En la mañana del segundo día, sin haber dormido, pues la excitación y el trabajo le habían ahuyentado el sueño, se dedicó a conseguir quien lo ayudara con el arreglo del baño.
¡Qué trabajo tan bueno hicieron!, el baño quedó muy elegante todo cubierto de mosaico. El arreglo del resto del departamento no desmerecía para nada y todo esto en cinco días, así que, hasta le sobró un día, para cambiarse de casa.
“Dios castiga, pero no ahorca”, pensó feliz. Tenía un departamento con renta cómoda, por mucho, muchísimo tiempo…
Como buen católico, John fue a ponerle una veladora a la difunta para descanso de su alma, en la iglesia más cercana al departamento. Esta acción la repitió cada mes en el recinto parroquial, donde el párroco y él iniciaron una amistad e hizo trabajos de albañilería gratis a la iglesia.

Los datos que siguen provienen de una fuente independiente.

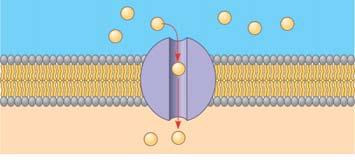 Facilitated Diffusion: Passive Transport Aided by Proteins In facilitated diffusion Transport proteins speed the movement of molecules across the plasma membrane Facilitated diffusion: Normal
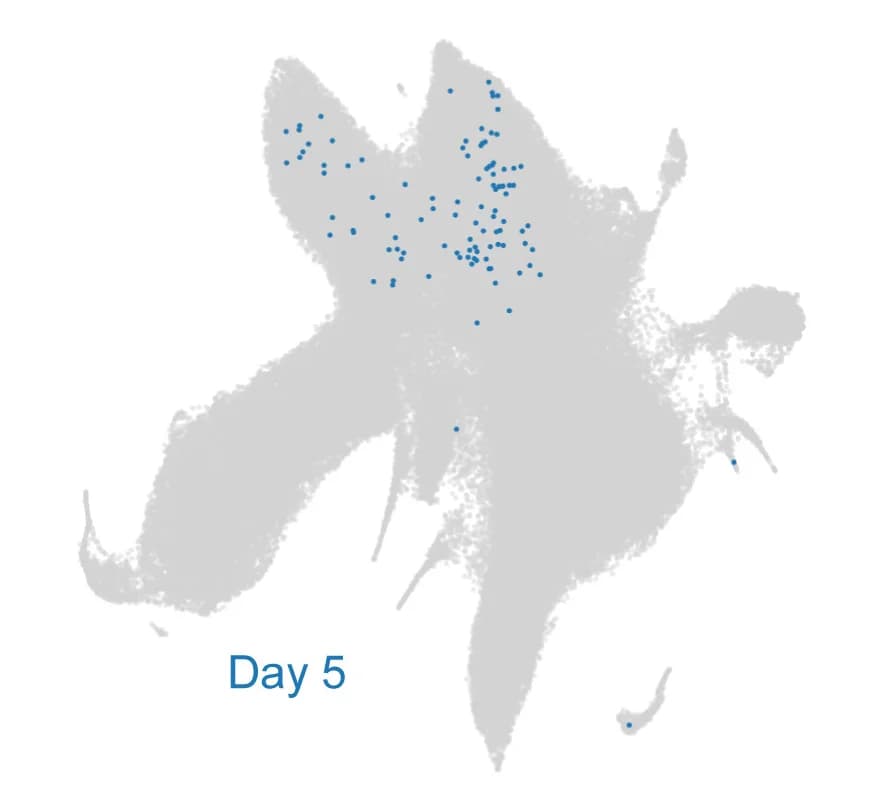 Open access visualization of Scatter Plot, UMAP, HSPC, Cells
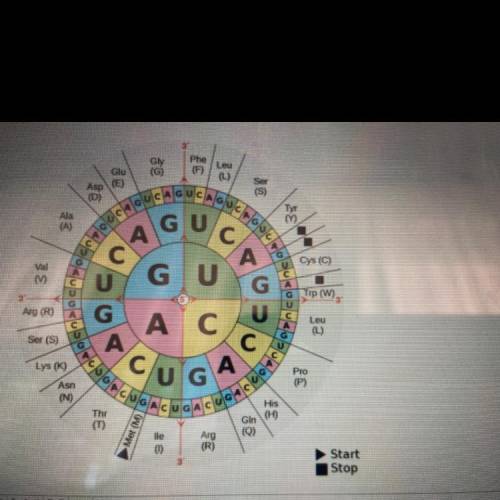 Translate the DNA sequence into a protein: TAC GGC GCT ACT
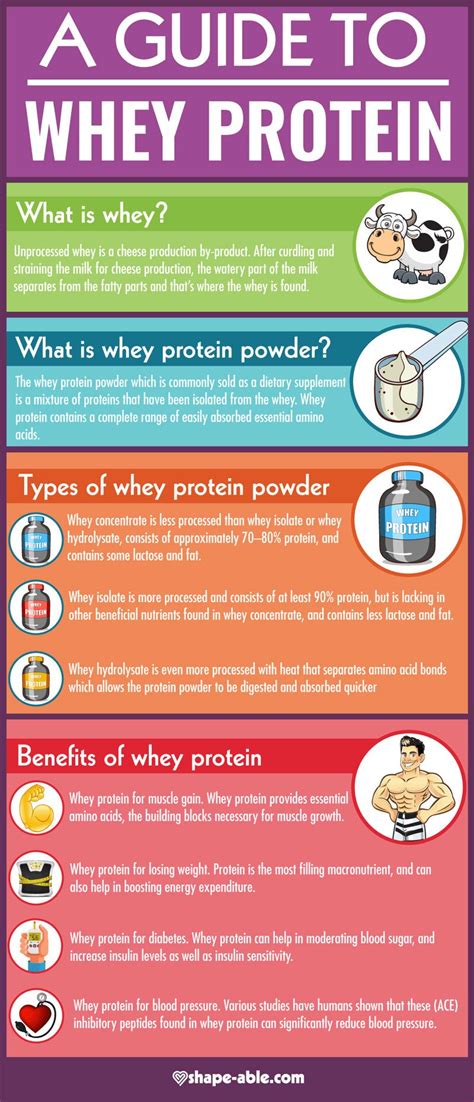 A Guide To Whey Protein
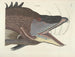 imágenes de peces, serpientes, insectos y otros animales así como de algunas plantas - Mark Catesby — vista de la obra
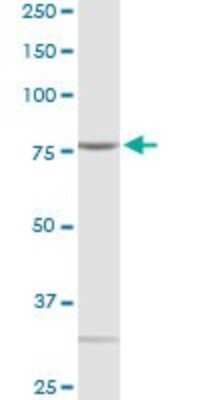 Western Blot: QARS Antibody [H00005859-D01P] - Analysis of QARS expression in PC-12.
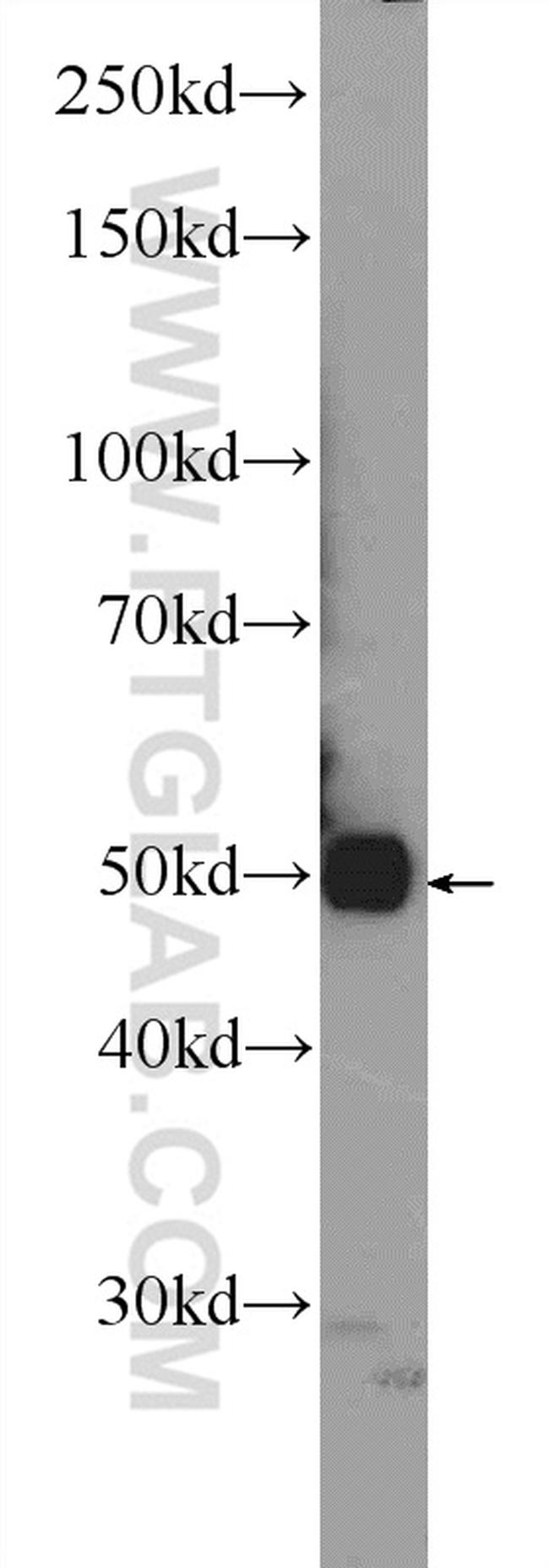 OGG1 Antibody in Western Blot (WB)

Sus hijos al fin tenían un hogar, su hermano ya le hablaba y su cuñada lo volvió a tratar de compadre de una manera cálida. Pero lo que más contento lo ponía, era ver la cara de felicidad de Doris al usar el lujoso baño. Afortunadamente, ella, nunca se enteraría de que el baño, era además, el mausoleo de la difuntita.
Sin ningún género de duda, feliz exclamó:
— ¡Trabajo bien hecho no admite reclamación!